Introduction
Recently, there have been a lot of talks about de-dollarization and its potential impact on the global economy. As there are different opinions about this phenomenon, ranging from dismissing it to seeing it as a major shift in the global economy, in this article, we will review this topic from multiple perspectives. We seek to answer four main questions: Is de-dollarization real? What causes it? What are the consequences of de-dollarization? And how far can it go? To ensure well-rounded coverage, we will include a variety of opinions in the article and explore different points of view.
What is de-dollarization?
De-dollarization refers to the process of reducing the role of the US dollar in international trade, finance, and investment, resulting in the use of alternative currencies.
Is it actually happening?
In accordance with the International Monetary Fund (IMF) report - yes. This trend has been on the rise for years, with the share of the US dollar declining from its peak of 72% in 2001 to 58-59% in 2022, the lowest it has been in 25 years. While this decline may seem significant, it is not the lowest share the dollar has had, which was below 50% in the late 80s-90s.
Why is it happening?
Several factors have led to the decline in the US dollar's share in the global economy. One significant reason is the growing use of other currencies such as the Euro, British Pound, Japanese yen, Australian dollar, Canadian dollar, and Chinese renminbi. Central banks have been diversifying their reserves to manage risks associated with a specific currency, causing a decline in the US dollar's share. This is also can be seen in the IMF report.
Another reason that has contributed to the acceleration of de-dollarization is the recent geopolitical events. The US sanctions implemented to freeze Russian central bank assets signalled to many countries that disagree with US policy to reduce their dependence on US dollars. For instance, China and Saudi Arabia are discussing with several countries the possibility of moving trade toward local currencies. And Russia and China have moved a significant part of their trade into local currencies.
Those events have fuelled a broader discussion about the emergence of a multi-polar world, where multiple powerful regional blocks hold significant influence, rather than the global dominance of the United States. Some countries and blocs, such as BRICS and ASEAN, have explored the idea of utilizing local currencies for trade or creating new ones. For example, Brazil and Argentina are discussing plans for a Latin American currency and BRICS in discussions of the blog currency. As their share in the global economy grows, such decisions may have a negative impact on the value of the US dollar. In fact, the BRICS bloc recently surpassed the G7 in terms of economic size. However, the full impact of such changes remains to be seen, as it takes time for countries to align on a new approach and implement it. Furthermore, it is unlikely that all transactions will shift toward local currencies, so the overall impact on the US dollar's value may be limited.
What are the consequences of de-dollarization?
The consequences of de-dollarization are not clear-cut, and there are different opinions regarding their effects.
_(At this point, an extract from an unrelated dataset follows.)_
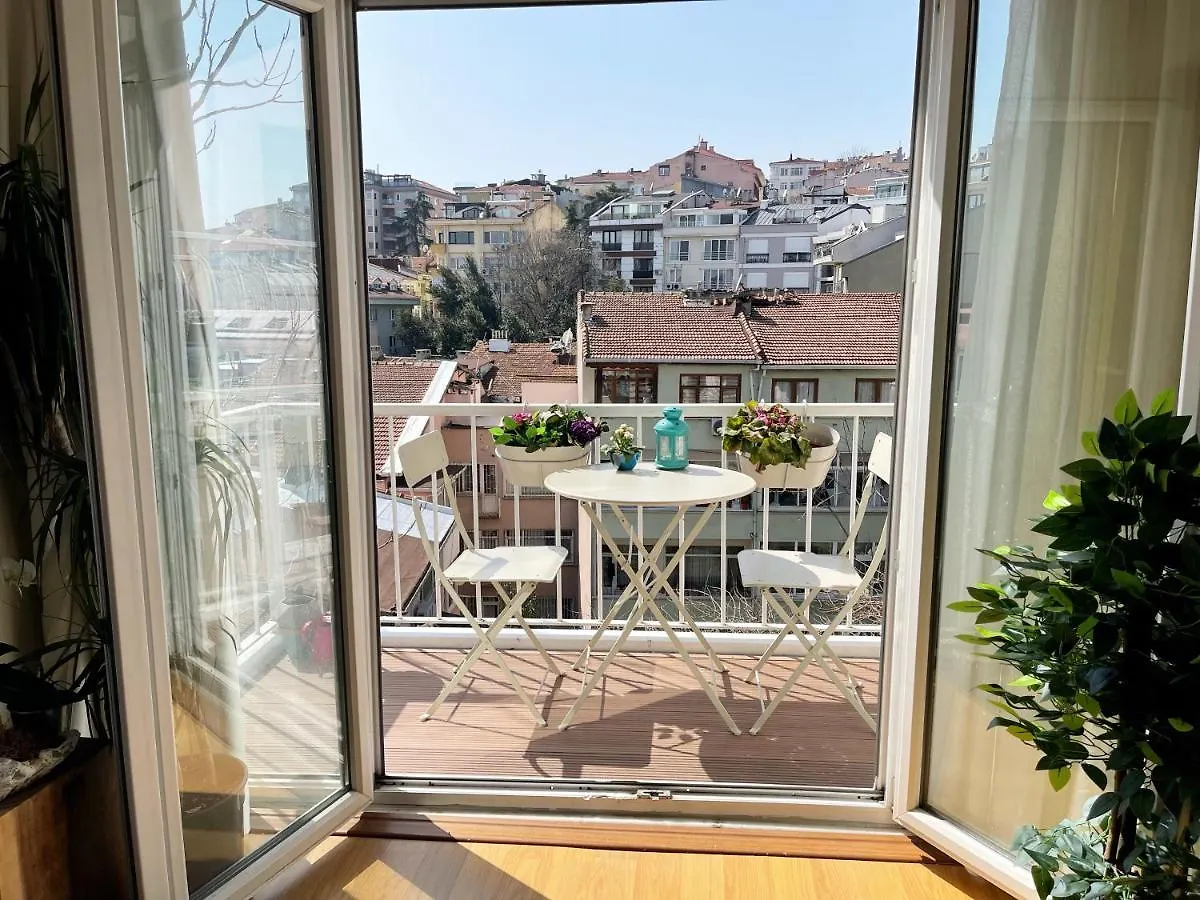 Cozy And Bright Apartment Near Bosphorus Istanbul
Some experts argue that using local currencies in trade can have benefits, such as allowing companies to manage FOREX risks better and make revenues more predictable, while reducing the need for a middleman in some transactions. Conversely, volatile exchange rates in some currencies can cause additional problems for exporters.
Other experts argue that there are risks for the US economy resulting from de-dollarization. For instance, as the strong dollar makes it cheaper to buy foreign goods and borrow money, a potential reduction of the dollar share could lead to higher prices and inflation on one hand and higher costs of borrowing on the other. This could make it difficult for the US to pay for its debt, considering it is now more than 100% of its GDP.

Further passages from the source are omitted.